For his service to his country through the USO, he was awarded the Sylvanus Thayer Award by the United States Military Academy at West Point in 1968. “The Thayer Award, established in honor of Col. Sylvanus Thayer, ‘Father of the Military Academy,’ is presented to an outstanding citizen whose service and accomplishments in the national interest exemplify the Military Academy motto, Duty, Honor, Country. The Association of Graduates has presented the award annually since 1958.”
For his service to America and to the military in particular, Bob Hope was awarded the nation’s highest honor, “The Presidential Medal of Freedom”, which was created by President Harry S. Truman in 1945. But for all the GI’s who ever served, Bob Hope will forever be remembered as the legendary entertainer and USO Ambassador of Goodwill, who for six decades, brought the USO’s famous “touch of home” and a string of smiles to millions of GI’s often during their most difficult hours. And maybe what makes Bob Hope so important is that he and his Hollywood “band of gypsies” gave the U.S. troops real memories with his words of humor and wisdom…
- During the WWII, Hope recalls his plane being shot at when he was on his way to perform for the troops, and his response to being shot at … “I have critics everywhere.”
- “I have a wonderful make-up crew. They’re the same people restoring the Statue of Liberty.”
- Hope appeared in so many theaters of war over the decades that it was often cracked (in Bob Hope style) that “Where there’s death, there’s Hope”.
- “I have seen what a laugh can do. It can transform almost unbearable tears into something bearable, even hopeful”.
- “If you haven’t got any charity in your heart, you have the worst kind of heart trouble”.
- “You know you’re getting old when the candles cost more than the cake”.
- “You never get tired unless you stop and take time for it”.
The 1997 act of Congress signed by President Clinton named Hope an “Honorary Veteran.” He remarked, “I’ve been given many awards in my lifetime — but to be numbered among the men and women I admire most — is the greatest honor I have ever received.”…Amen
Following his service in the Marine Corps Ed Mattson built a diverse career in business in both sales/marketing and management.

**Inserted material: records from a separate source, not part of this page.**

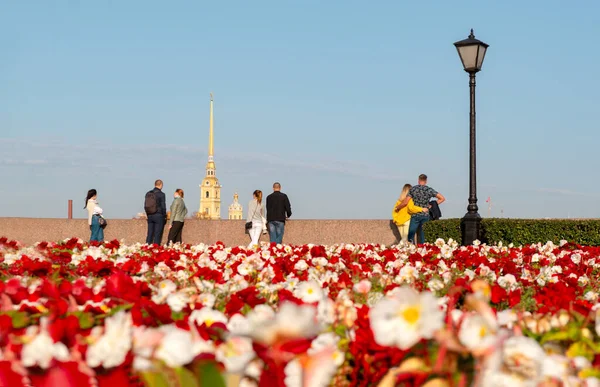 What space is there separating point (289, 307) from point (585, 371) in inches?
37.7

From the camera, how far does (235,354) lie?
75.0 inches

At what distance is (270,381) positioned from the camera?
1843 mm

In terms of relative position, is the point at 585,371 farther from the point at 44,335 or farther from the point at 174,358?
the point at 44,335

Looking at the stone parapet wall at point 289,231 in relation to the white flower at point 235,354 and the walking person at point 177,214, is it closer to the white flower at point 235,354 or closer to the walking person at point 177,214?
the walking person at point 177,214

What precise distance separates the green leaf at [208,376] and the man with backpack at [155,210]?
54.1 feet

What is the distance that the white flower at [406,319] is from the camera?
1.84 metres

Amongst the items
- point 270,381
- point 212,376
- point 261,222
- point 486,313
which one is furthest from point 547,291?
point 261,222

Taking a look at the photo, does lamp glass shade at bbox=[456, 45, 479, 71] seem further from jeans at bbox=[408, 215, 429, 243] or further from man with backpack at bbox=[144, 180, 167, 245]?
man with backpack at bbox=[144, 180, 167, 245]

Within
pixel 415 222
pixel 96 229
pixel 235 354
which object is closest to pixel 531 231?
pixel 415 222

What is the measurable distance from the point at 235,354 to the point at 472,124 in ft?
45.2

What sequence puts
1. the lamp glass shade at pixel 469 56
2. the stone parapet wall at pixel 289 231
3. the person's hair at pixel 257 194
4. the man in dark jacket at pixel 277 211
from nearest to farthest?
the lamp glass shade at pixel 469 56 < the man in dark jacket at pixel 277 211 < the person's hair at pixel 257 194 < the stone parapet wall at pixel 289 231

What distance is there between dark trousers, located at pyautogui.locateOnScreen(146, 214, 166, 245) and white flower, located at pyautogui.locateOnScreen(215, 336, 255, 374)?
16345 millimetres

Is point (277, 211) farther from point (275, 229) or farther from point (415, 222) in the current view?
point (415, 222)

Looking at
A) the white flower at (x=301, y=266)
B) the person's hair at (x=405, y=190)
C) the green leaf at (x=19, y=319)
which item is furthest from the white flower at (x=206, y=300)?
the person's hair at (x=405, y=190) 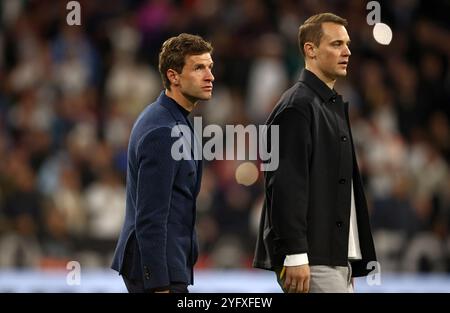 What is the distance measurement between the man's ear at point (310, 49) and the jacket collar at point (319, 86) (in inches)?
3.5

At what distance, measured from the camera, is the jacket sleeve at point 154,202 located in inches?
199

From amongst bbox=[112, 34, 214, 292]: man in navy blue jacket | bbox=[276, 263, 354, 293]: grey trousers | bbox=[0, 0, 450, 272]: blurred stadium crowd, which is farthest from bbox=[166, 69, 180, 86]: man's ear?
bbox=[0, 0, 450, 272]: blurred stadium crowd

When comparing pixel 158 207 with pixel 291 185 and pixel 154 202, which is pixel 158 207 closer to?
pixel 154 202

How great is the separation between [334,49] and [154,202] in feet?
3.79

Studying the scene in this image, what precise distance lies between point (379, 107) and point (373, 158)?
0.90m

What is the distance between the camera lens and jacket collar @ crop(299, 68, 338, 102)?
5456 mm

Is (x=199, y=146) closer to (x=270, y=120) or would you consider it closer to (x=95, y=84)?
(x=270, y=120)

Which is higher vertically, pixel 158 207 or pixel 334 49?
pixel 334 49

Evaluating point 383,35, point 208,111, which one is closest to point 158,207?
point 208,111

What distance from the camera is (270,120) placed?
5410mm

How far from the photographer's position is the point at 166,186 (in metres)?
5.11

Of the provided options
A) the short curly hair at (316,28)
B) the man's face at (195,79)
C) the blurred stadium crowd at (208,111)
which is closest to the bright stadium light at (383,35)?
the blurred stadium crowd at (208,111) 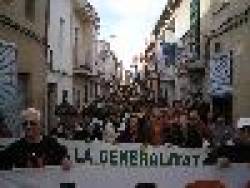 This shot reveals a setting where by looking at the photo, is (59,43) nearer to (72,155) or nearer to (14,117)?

He is a medical research specialist and published author. His latest book is Down on Main Street: Searching for American Exceptionalism
Ed is currently Development Director of the National Guard Bureau of International Affairs-State Partnership Program, Fundraising Coordinator for the Warrior2Citizen Project, and Managing Partner of Center-Point Consultants in North Carolina.
Mr. Mattson is a noted speaker and has addressed more than 3000 audiences in 42 states and 5 foreign countries. He has been awarded the Order of the Sword by American Cancer Society, is a Rotarian Paul Harris Fellow and appeared on more than 15 radio and television talk-shows.